La normalización de lo horrendo, de lo asqueroso y, en definitiva, de lo feo fue el resultado del proceso de reordenación del mundo que consumaron las vanguardias artísticas a principios del siglo XX. El expresionismo alemán utilizó la fealdad como denuncia social, mientras el surrealismo y el dadaísmo recurrieron a lo grotesco y monstruoso. La fealdad terminó siendo aceptada como modelo estético. Un triunfo que se reforzó en la era industrial y mercantil, por su inclinación hacia la utilidad y la funcionalidad por encima de la belleza.

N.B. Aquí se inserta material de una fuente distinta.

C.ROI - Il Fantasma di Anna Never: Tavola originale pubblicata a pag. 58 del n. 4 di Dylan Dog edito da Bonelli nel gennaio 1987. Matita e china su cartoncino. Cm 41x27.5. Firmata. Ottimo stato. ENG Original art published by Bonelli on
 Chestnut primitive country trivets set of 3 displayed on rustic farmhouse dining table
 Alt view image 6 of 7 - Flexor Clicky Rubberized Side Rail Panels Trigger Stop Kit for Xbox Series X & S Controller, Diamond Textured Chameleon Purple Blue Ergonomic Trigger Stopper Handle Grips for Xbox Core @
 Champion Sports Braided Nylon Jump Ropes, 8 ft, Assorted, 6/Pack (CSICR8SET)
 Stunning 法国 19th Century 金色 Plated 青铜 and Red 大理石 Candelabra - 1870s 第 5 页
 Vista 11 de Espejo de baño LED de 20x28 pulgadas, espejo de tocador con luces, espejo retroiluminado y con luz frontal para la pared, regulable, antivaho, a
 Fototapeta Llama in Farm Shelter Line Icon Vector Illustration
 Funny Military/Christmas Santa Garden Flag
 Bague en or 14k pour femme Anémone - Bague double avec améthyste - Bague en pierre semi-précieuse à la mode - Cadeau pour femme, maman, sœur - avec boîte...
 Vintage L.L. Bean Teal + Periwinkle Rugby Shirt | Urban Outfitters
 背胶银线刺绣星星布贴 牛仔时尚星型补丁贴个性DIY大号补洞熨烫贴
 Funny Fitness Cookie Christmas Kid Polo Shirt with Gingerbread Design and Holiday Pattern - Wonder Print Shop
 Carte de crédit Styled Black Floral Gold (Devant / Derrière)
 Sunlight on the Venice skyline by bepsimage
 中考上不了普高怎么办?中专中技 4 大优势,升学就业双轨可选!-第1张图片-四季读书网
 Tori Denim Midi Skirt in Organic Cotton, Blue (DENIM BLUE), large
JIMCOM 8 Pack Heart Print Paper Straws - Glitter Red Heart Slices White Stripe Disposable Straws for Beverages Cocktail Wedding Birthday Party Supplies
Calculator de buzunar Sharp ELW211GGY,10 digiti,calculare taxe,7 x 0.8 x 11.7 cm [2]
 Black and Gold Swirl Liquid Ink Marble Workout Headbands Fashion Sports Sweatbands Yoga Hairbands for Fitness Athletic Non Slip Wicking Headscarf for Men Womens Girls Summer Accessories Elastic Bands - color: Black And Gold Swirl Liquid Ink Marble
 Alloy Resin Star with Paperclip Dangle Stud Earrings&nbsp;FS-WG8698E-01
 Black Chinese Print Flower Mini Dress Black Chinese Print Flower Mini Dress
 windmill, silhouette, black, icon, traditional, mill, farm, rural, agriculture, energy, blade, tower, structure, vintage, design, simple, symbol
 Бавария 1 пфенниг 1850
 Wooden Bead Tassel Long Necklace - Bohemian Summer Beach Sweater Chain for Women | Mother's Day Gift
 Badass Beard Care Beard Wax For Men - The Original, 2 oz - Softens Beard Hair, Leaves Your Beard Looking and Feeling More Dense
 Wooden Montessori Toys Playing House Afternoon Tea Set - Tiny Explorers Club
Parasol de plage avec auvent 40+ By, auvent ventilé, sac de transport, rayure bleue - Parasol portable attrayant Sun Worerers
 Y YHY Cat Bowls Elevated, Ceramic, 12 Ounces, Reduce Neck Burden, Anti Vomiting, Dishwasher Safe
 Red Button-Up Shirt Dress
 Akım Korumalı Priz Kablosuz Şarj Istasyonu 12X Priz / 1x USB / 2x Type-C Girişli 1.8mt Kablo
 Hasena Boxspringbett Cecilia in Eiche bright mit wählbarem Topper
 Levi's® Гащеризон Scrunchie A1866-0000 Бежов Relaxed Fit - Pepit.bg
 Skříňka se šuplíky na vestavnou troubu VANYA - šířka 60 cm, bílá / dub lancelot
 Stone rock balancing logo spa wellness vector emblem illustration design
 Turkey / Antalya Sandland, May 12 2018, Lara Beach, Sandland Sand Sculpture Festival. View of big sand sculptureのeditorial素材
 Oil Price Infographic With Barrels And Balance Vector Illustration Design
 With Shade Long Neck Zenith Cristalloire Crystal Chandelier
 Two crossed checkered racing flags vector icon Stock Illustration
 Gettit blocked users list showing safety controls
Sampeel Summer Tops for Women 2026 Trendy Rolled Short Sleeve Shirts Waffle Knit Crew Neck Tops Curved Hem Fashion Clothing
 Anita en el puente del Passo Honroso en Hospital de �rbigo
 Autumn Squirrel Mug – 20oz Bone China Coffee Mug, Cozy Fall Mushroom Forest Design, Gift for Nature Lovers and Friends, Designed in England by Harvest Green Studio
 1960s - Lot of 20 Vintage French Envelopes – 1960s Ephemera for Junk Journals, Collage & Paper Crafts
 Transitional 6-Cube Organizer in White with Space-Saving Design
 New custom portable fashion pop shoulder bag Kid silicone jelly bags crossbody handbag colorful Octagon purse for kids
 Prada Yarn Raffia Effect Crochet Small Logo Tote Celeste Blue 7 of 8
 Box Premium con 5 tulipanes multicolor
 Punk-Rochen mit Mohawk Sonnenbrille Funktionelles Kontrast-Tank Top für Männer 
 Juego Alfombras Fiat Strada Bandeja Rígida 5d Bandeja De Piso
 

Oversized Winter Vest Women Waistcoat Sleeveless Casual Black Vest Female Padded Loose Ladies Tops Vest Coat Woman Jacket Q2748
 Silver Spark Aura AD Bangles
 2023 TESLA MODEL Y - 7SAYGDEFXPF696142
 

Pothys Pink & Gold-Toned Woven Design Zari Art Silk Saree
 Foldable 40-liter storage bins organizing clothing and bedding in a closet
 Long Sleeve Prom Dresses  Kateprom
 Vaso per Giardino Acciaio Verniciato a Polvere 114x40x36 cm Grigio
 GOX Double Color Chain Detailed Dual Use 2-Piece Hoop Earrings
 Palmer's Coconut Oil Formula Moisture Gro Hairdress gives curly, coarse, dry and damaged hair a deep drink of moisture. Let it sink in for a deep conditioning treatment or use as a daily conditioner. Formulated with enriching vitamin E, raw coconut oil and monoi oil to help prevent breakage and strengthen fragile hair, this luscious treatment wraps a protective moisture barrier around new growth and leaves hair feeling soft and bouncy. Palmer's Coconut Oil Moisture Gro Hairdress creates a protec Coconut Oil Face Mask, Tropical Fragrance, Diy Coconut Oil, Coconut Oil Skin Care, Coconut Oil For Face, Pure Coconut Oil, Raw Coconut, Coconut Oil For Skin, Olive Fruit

Bajo ese telón de fondo se expresa el arte contemporáneo, convencido de que allí donde antes no se había querido mirar también hay cosas que apreciar y que el inexplorado abanico de posibilidades es más amplio y genuino. Es la atracción del abismo, donde la fascinación queda atrapada por la imperfección. Hasta tal extremo, que lo feo ha adquirido hoy su aceptación universal en el ámbito estético. Es una calavera con diamantes. Es la fotografía de unas vísceras en primer plano.
A partir de aquí se abren numerosos interrogantes, empezando por discernir si la dimensión estética muestra el camino hacia la necesaria transformación humana. ¿Por qué el triunfo de lo feo artístico? Deslumbrar es la clave. Lo inimitable está en la exploración de la fealdad. En crear una copia sin par, pues la belleza es más fácil de imitar. Las identidades clásicas ya no venden, no son competitivas. Lo que comenzó siendo una fuerza aterradora emana hoy un gran poder de atracción y prestigio. Pero el feísmo deliberado, no espontáneo e incluso forzado, parece ocultar la penúltima victoria del capital, que ha decidido envasar la fealdad para comercializarla y hacer negocio con ella. Extrapolado a las luchas feministas, ¿qué será de la resistencia y la rebeldía de las feas? El ser y el no ser. Belleza y fealdad. El riesgo es existencial. Y no sería la primera vez que una lucha social acaba estampada en el dorso de miles de camisetas.